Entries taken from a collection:

::::::::::

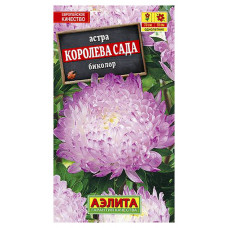 Астра Королева сада Биколор Аэлита 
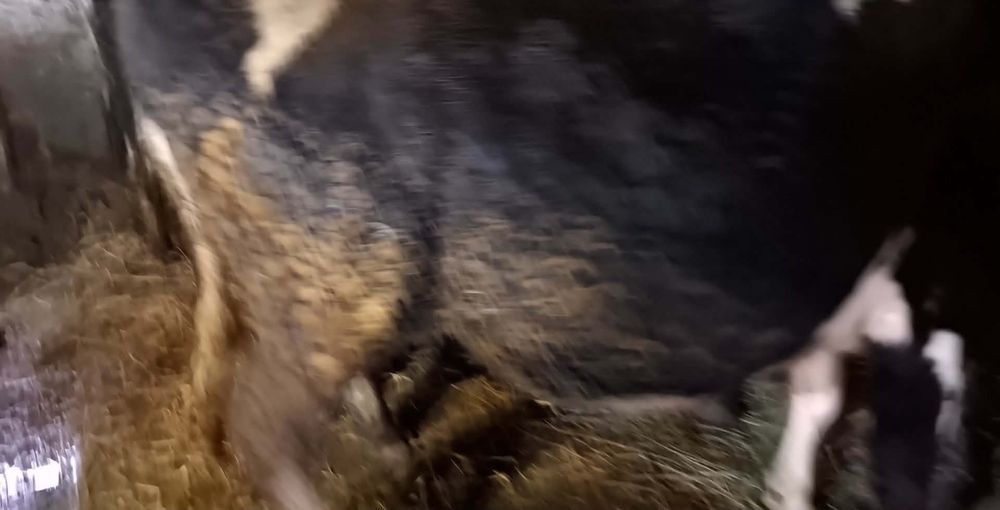 Vând vaci și juninci holstein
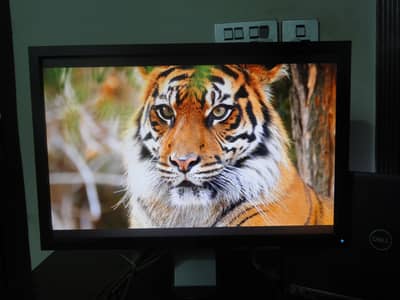 dell 22 inch monitor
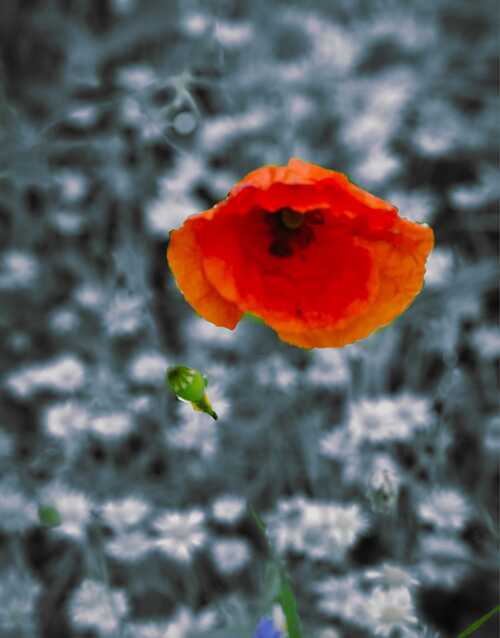 Christine von der Thannen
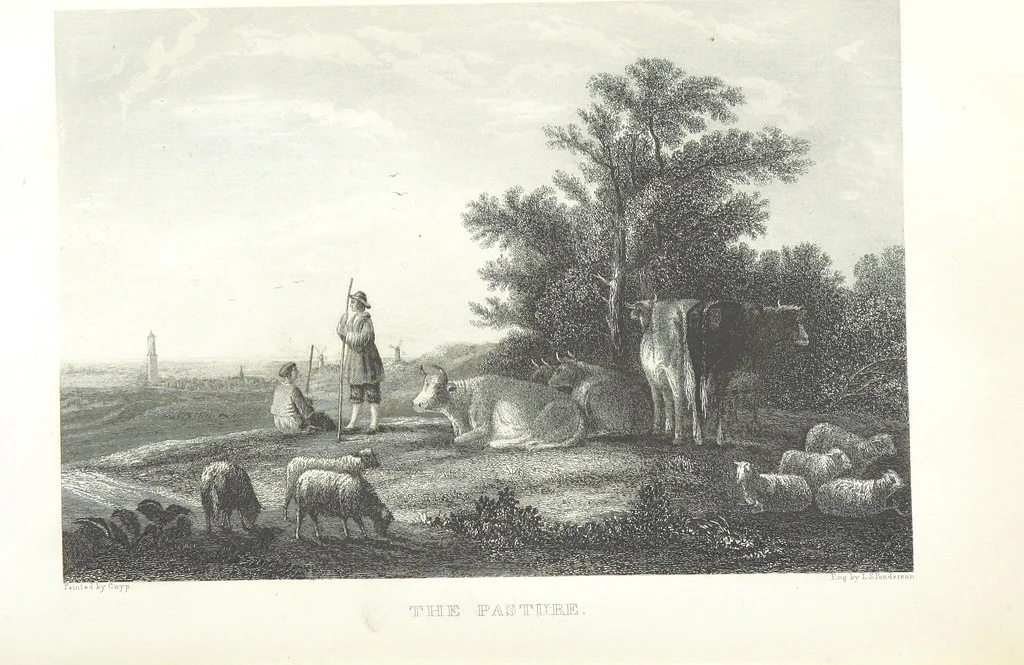 An illustration from Eighty Years' Progress of the United States: a family record of American industry, energy and enterprise ... By eminent literary men [C. L. Flint and others] ... Embellished with ... engravings, etc, 1868, leaf 102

::::::::::

YOUR INSTRUCTIONS:
Set down every entry above again exactly, dropping each picture.

YOUR SOLUTION:
 Астра Королева сада Биколор Аэлита 
 Vând vaci și juninci holstein
 dell 22 inch monitor
 Christine von der Thannen
 An illustration from Eighty Years' Progress of the United States: a family record of American industry, energy and enterprise ... By eminent literary men [C. L. Flint and others] ... Embellished with ... engravings, etc, 1868, leaf 102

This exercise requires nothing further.